Colombia’s government on Thursday begun steps to protect San Andres and surrounding islands from the expansionist ambitions of Nicaragua, who now control much of the waters surrounding the islands.
The government has called for the islands of San Andres, Providencia and Santa Catalina to be remapped, for a census to be taken, and for the protection of the Seaflower Biosphere Reserve, which includes the corals, mangroves and seagrass beds that surround the islands.
The objective is to strengthen Colombia’s sovereignty rights over the archipegalo, threatened since the International Court of Justice’s (ICJ) November ruling that 30,000 square miles of Colombian maritime waters in the area be ceded to Nicaragua.
Colombia has yet to formally recognize the ruling. On Tuesday the President of the Central American branch of the ICJ warned that Colombia could face economic and political sanctions if it does not respect the rulings of the ICJ.
On the same day Colombia’s government published an outline of concrete measures it would be taking in the face of the ICJ ruling, the first of which reportedly involves the remapping of the archipelago.
The idea is to define the archipegalo’s territorial limits using “analysis of technial aerial photographs” taken between 2011 and 2012. They also hope to establish the extent of the continental shelf and those areas that might be “susceptible to natural disasters.” Any map would additionally draw out the borders of the Seaflower Biosphere Reserve, which was made part of the UNESCO’s World Network of Biosphere Reserves in 2000.
The second measure mentioned in the decree involves conducting a census to determine the socio-economic and the demographic makeup of the population.
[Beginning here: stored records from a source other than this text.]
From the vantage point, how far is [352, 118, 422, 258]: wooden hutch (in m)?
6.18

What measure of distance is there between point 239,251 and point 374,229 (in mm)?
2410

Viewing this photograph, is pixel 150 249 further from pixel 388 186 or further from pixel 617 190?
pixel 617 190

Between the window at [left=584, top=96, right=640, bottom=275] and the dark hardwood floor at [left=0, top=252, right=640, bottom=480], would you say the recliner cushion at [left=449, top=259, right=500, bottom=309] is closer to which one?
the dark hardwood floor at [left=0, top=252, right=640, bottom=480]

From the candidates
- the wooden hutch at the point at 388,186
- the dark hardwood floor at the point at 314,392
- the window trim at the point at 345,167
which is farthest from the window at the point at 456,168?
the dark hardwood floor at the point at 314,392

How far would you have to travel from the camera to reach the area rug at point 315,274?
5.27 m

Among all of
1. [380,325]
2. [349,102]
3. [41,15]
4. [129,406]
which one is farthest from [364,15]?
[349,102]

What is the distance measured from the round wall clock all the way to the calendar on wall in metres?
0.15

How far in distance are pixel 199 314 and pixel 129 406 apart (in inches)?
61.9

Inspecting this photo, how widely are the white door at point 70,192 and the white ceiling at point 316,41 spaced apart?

This will detail the ethnic roots of the people, in the hope of putting in place guarantees to conserve their culture and ancestral rights.
The Colombian government considers the ruling of the ICJ to violate the human rights of the people of the archipelago, and so establishing their cultural and ancestral rights is a key part of the government’s legal case.
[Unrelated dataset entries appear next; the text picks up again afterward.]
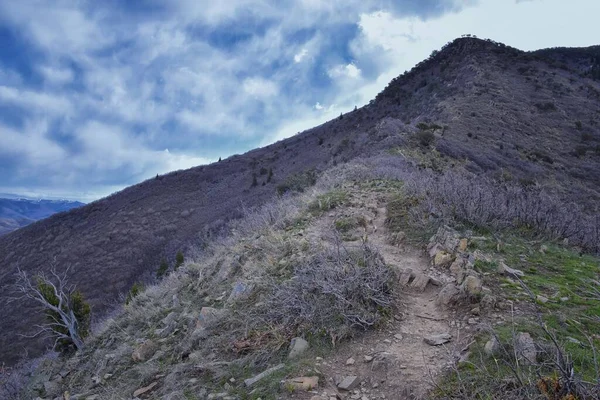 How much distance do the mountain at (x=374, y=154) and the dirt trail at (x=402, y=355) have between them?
35.3ft

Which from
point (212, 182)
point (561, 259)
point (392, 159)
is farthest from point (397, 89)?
point (561, 259)

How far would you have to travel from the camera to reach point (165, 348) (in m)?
4.93

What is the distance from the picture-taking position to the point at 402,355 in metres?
3.31

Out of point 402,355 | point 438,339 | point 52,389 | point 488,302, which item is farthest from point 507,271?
point 52,389

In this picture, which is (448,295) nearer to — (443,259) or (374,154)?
(443,259)

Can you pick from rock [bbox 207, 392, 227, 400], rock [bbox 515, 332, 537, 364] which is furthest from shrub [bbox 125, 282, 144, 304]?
rock [bbox 515, 332, 537, 364]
“The proposal is meant to guarantee the continuity of the ancestral home of the people and their protection as an ethnic group,” says the decree, the third of its kind since the ruling of the ICJ.
The government backed up its rhetoric on Wednesday by unveiling a new military patrol boat that will be sent to the San Andres archipelago. It cost $60 million and boasts two cannons, of 40mm and 20mm respectively, a helicopter and a speed boat. Apart from protecting Colombia’s maritime borders in the area, it will also conduct search-and-rescue missions and will help with disaster relief.